The 62-year-old QC has been a health and safety lawyer for more than 20 years and has acted on some of the HSE's highest profile cases. These include the prosecution of the British Railways Board following the 1988 Clapham railway crash in which 35 people died. He also headed the HSE's successful prosecution of Port Ramsgate, FEAB, FKAB and Lloyds' Register of Shipping following the 1997 Port Ramsgate walkway collapse (NCE 25 February 1997).
'Health & Safety has become something of a niche area in criminal law,' explains an HSE spokesman. 'The advantage with using Hugh is that over the years he has gained the expertise.'
Carlisle was called to the Bar in 1961 after graduating from Downing College, Cambridge. He became Queen's Counsel in 1978 and is head of chambers at 1 Temple Gardens, one of the most respected chambers in the field of health and safety law. His arguments have defined the way the Health & Safety at Work Act is applied to the construction industry.
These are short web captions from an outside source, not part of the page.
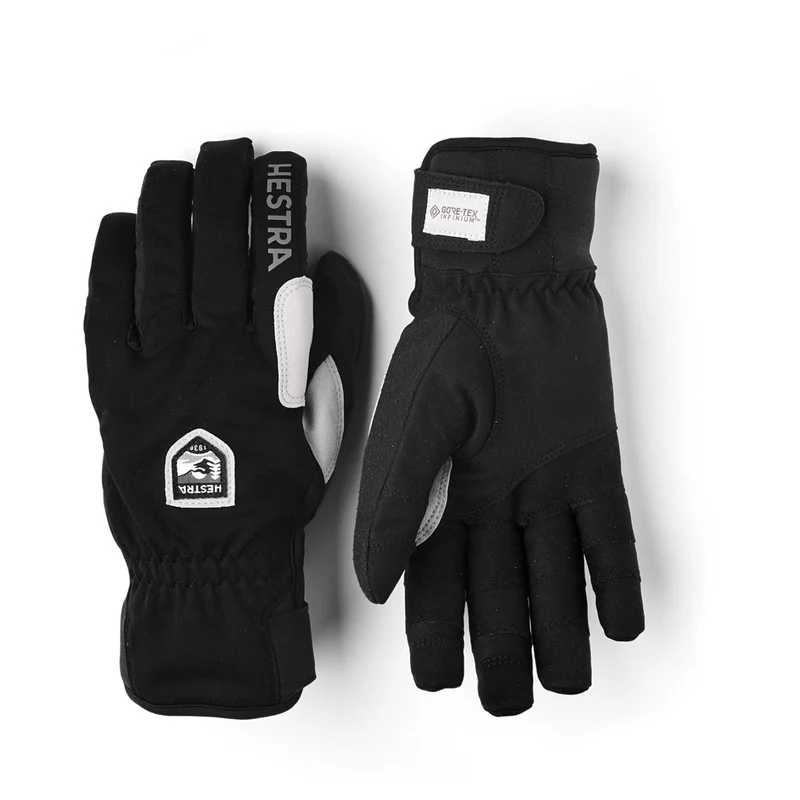 Hestra Ergo Grip Wool Touring 5-finger black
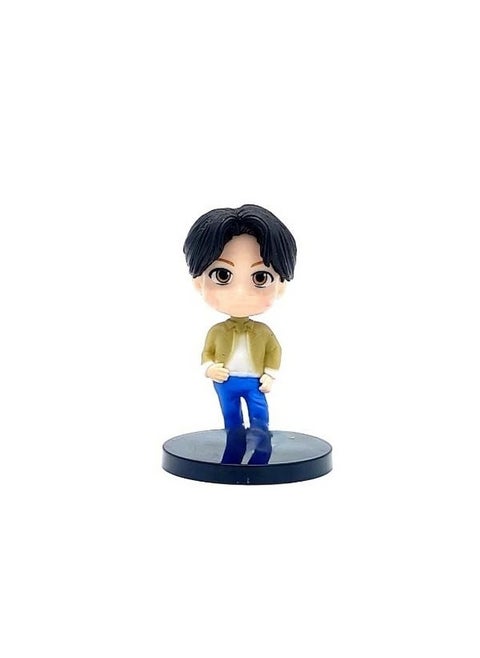 Trunkin | BTS Tiny Tan - Dynamite | Standing Dolls BTS Merchandise | BTS Army Jungkook Cooky Figurine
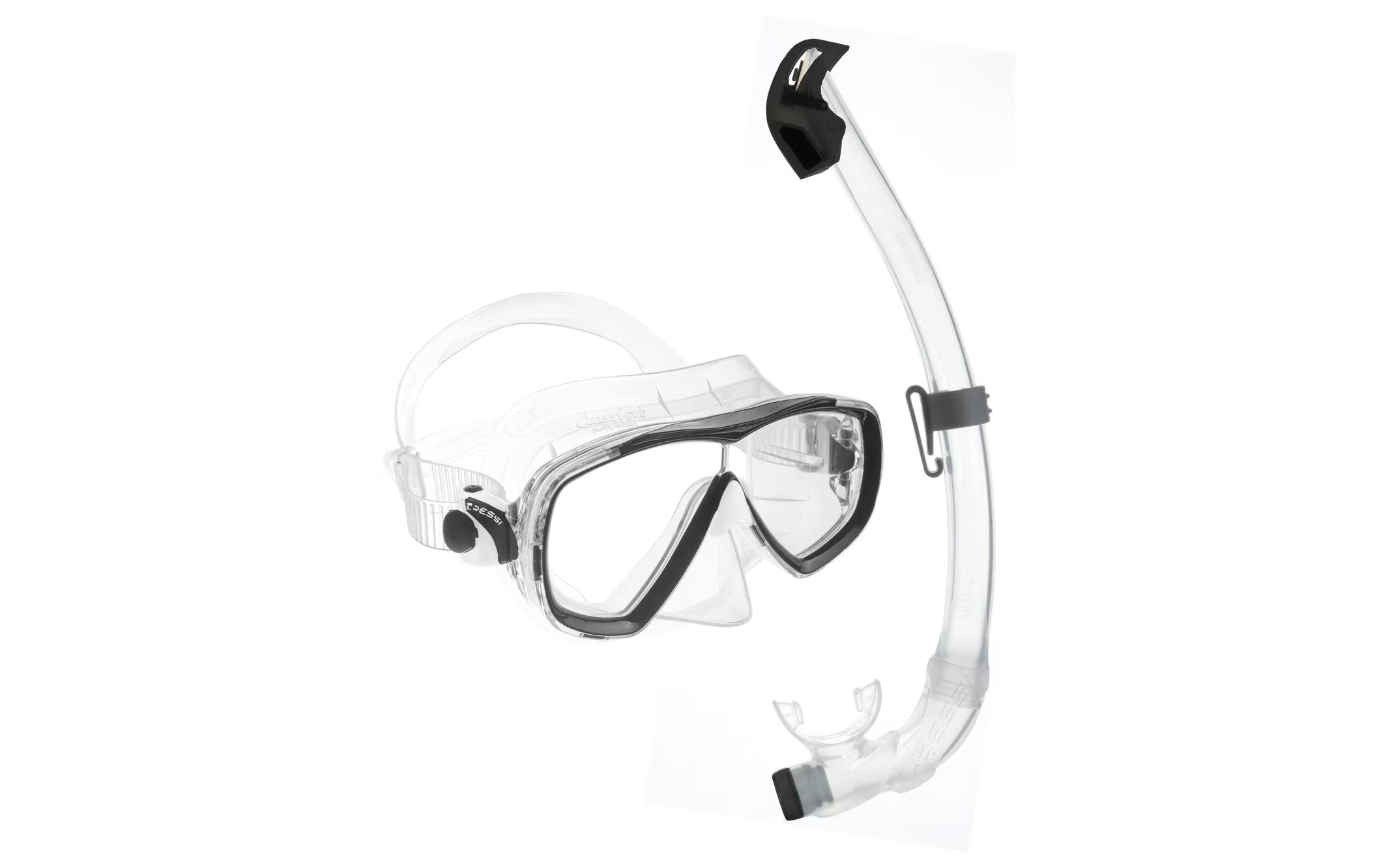 CRESSI Estrella + Seal Dry Snorkel Combo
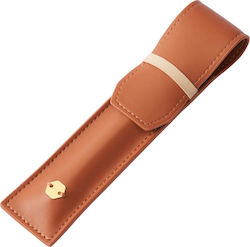 Ystudio Classic Reflect 1 Pen Pouch Caramel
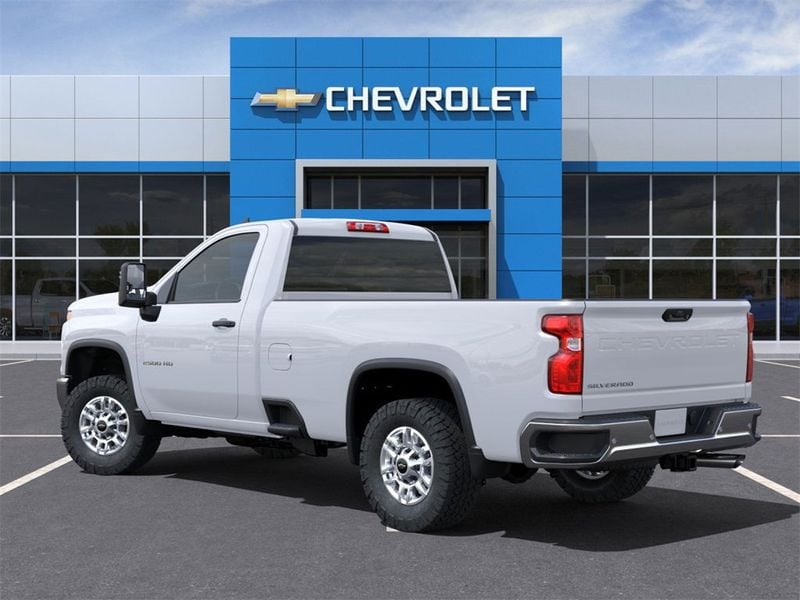 2025 Chevrolet Silverado 2500HD 4WD Reg Cab 142" Work Truck - 22636145 - 12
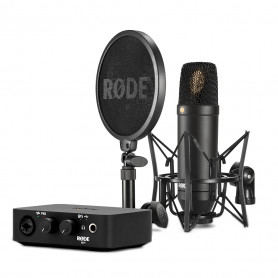 Rode AI-1 NT1 Bundle AI-i sound card, NT1 microphone suspension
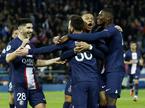 Paris Saing Germain Lionel Messi Kylian Mbappe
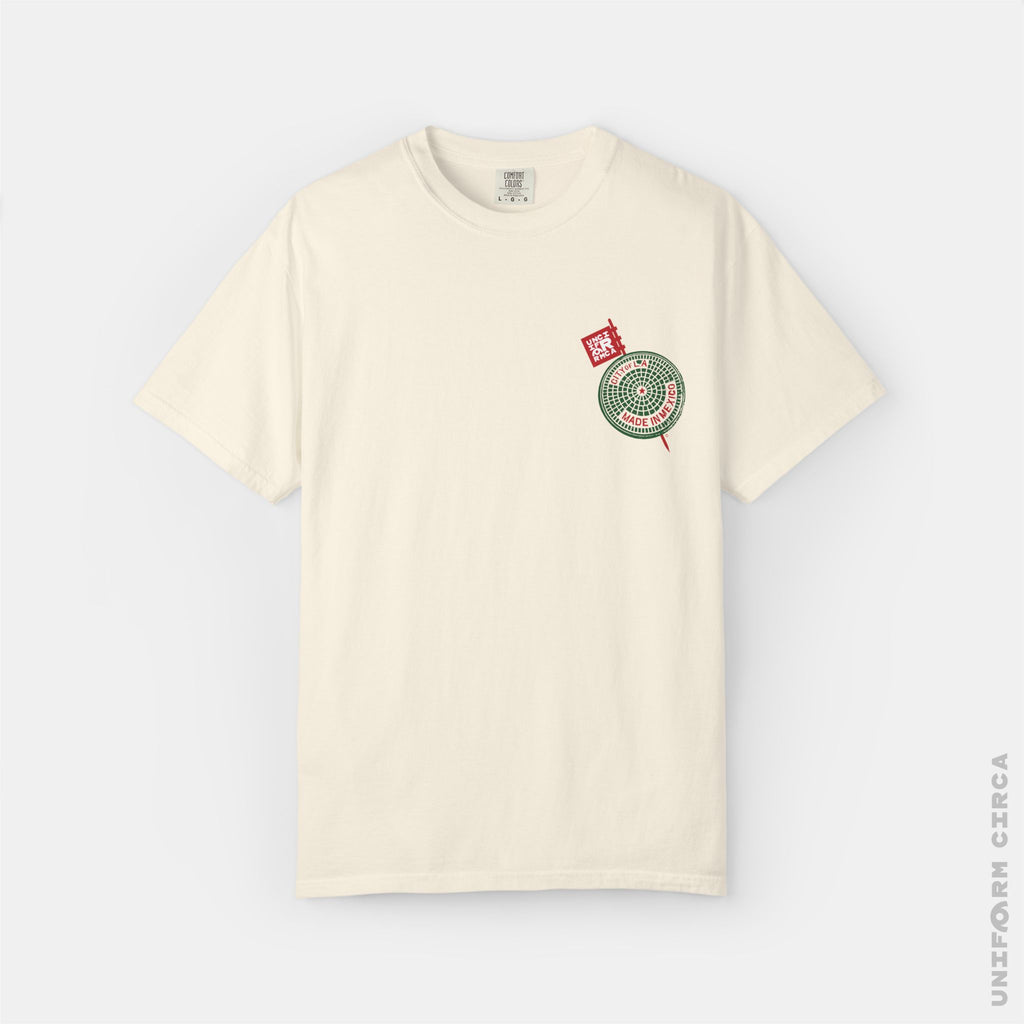 MEXICAL | CREWNECK T-SHIRT | Printed Unisex Garment-Dyed Graphic Tee
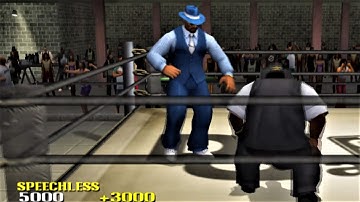 Def Jam: Vendetta (Hard) Iceberg vs. Scarface @ The Face Club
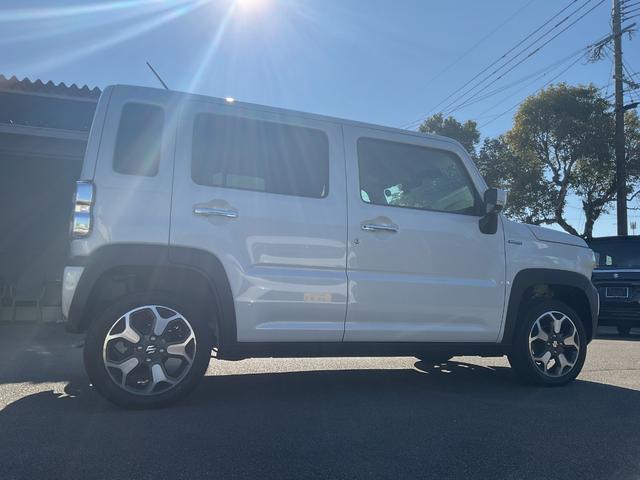 ハスラー ハイブリッドX 展示試乗車 純正ナビバックカメラシートヒータ左右ドライブレコーダー(4枚目)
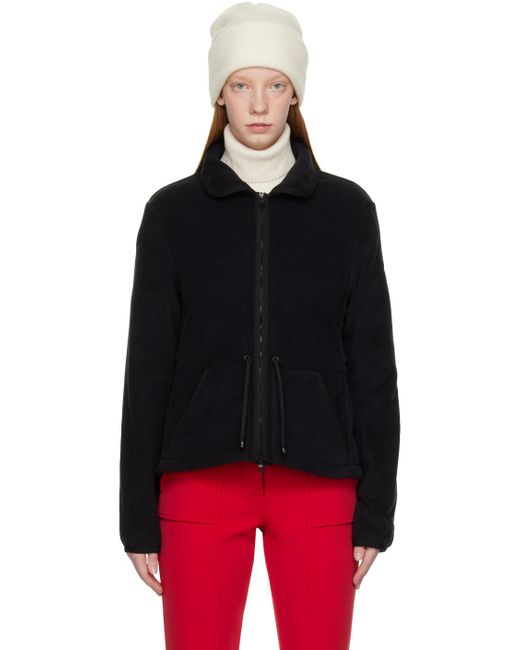 Erin Snow Black Picabo Jacket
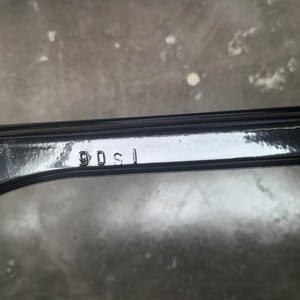 Lexus Front Hood Locking <b>Bracket</b> 53217-53901 For IS250 2006 Model <b>Black</b> Replacement Part - Product Image 3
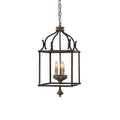 Alirora Traditional Birdcage Hand-carved wooden Chandelier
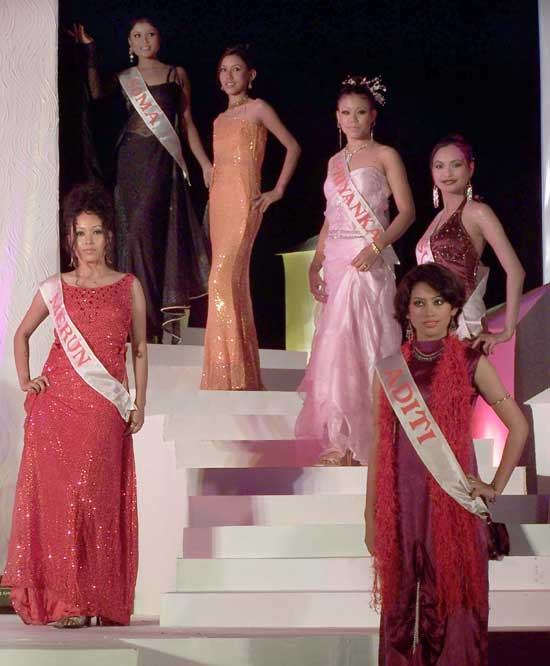 Miss North East 2005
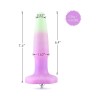 7.2" Glow-in-the-Dark Anal Dildo, KlicLok Dildo 7.2" Glow-in-the-Dark Anal Dildo, KlicLok Dildo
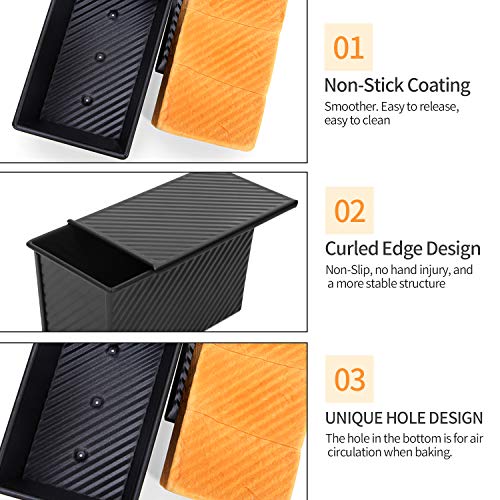 1 CHEFMADE+Non+Stick+Bakeware+Carbon+Approved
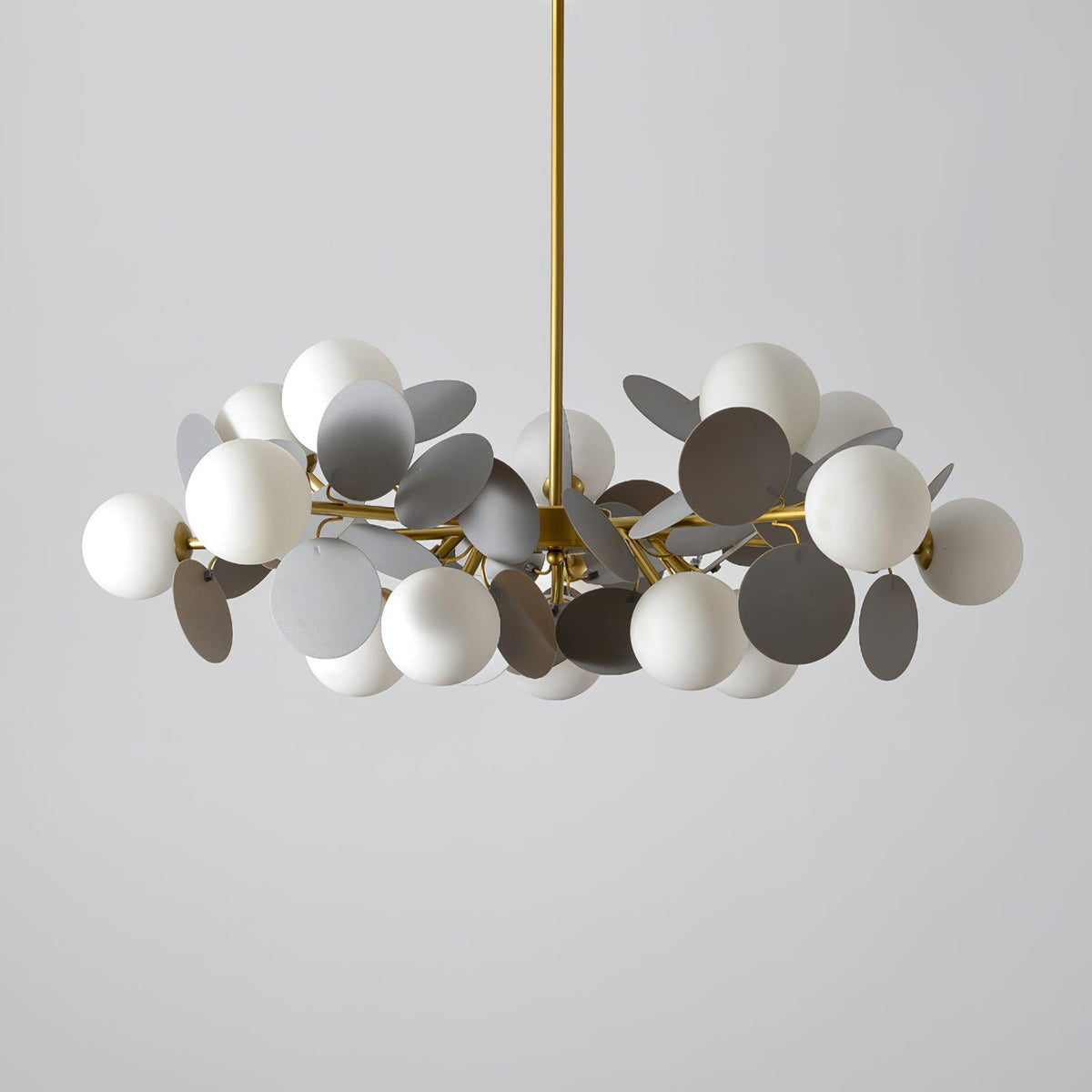 Lampadario Albero Bianco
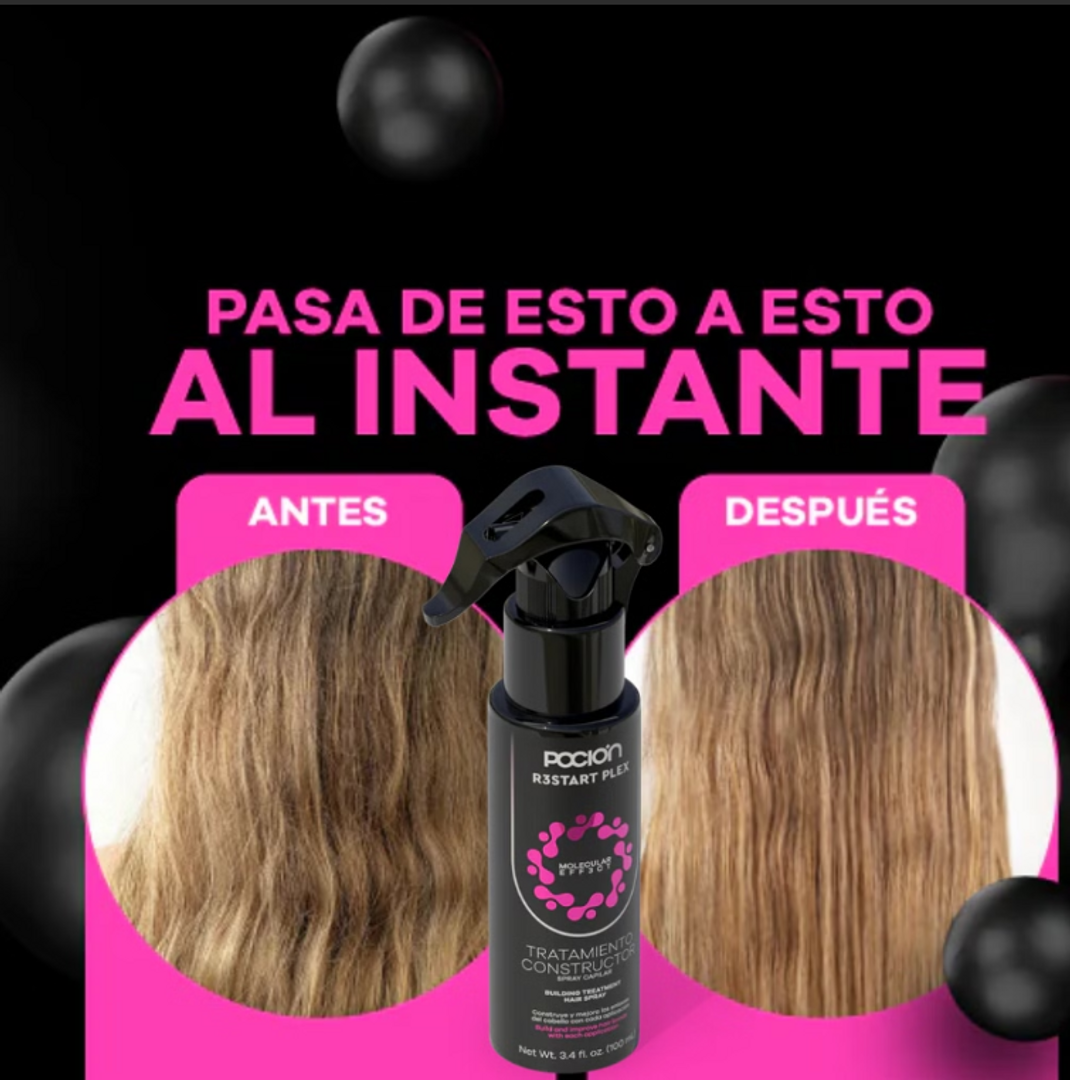 TTO CONSTRUCTOR SPRAY CAPILAR LA POCION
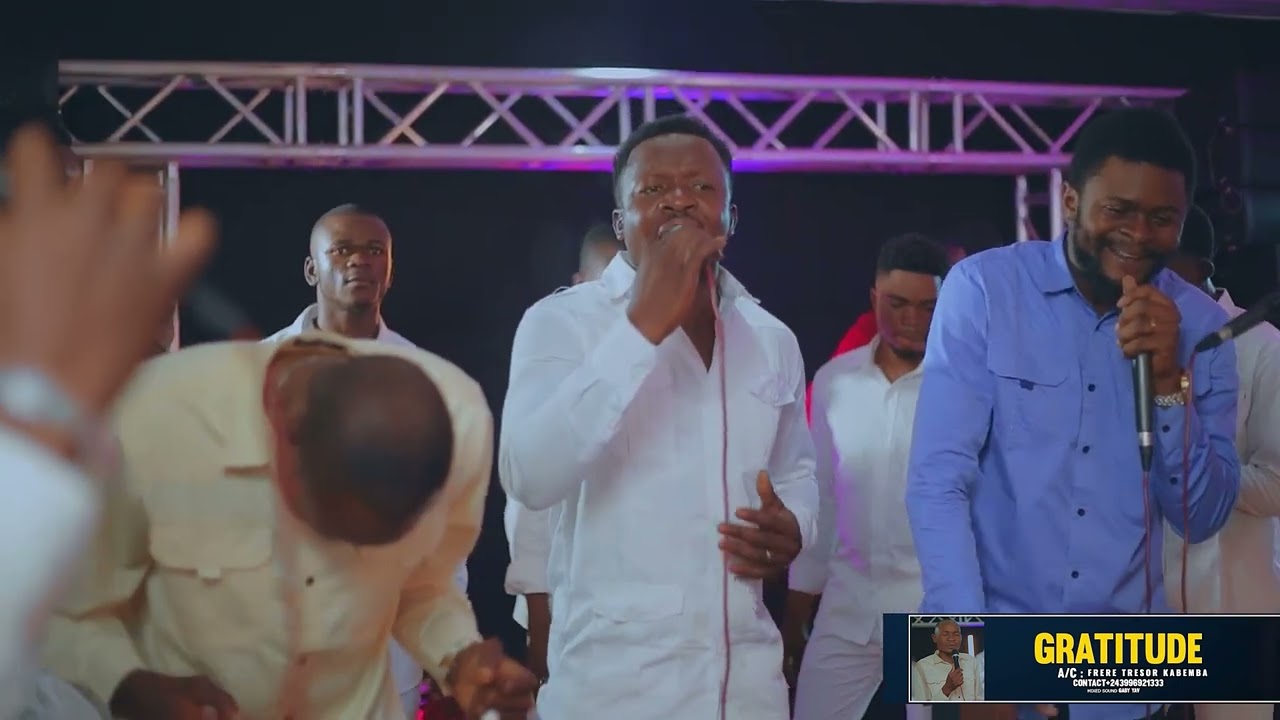Fr trésor kabemba feat bionick ngoy et kelvin umba clipofficiel (Gratitude)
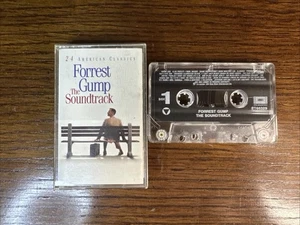 FORREST GUMP Cassette Tape 90s Soundtrack LYNYRD SKYNYRD CCR THE DOORS BOB DYLAN - Picture 1 of 4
The successful prosecution in 1997 of Port Ramsgate over the ferry walkway collapse, which killed six people, showed that clients as well as contractors and designers can be held responsible for unsafe design and construction.
Another important case was the successful 1996 prosecution of chemical engineering firm Associated Octel. It had failed to ensure the safety of the employees of its contractor RGP after an RGP worker was badly burnt while carrying out maintenance work.
Octel had argued that, as the client, it had no right to control the manner in which its contractor carried out its work. But Carlisle successfully argued that, in certain circumstances, clients are responsible for the their contractor's actions and could be prosecuted under the Health & Safety at Work Act, even though they do not control the work carried out by contractors.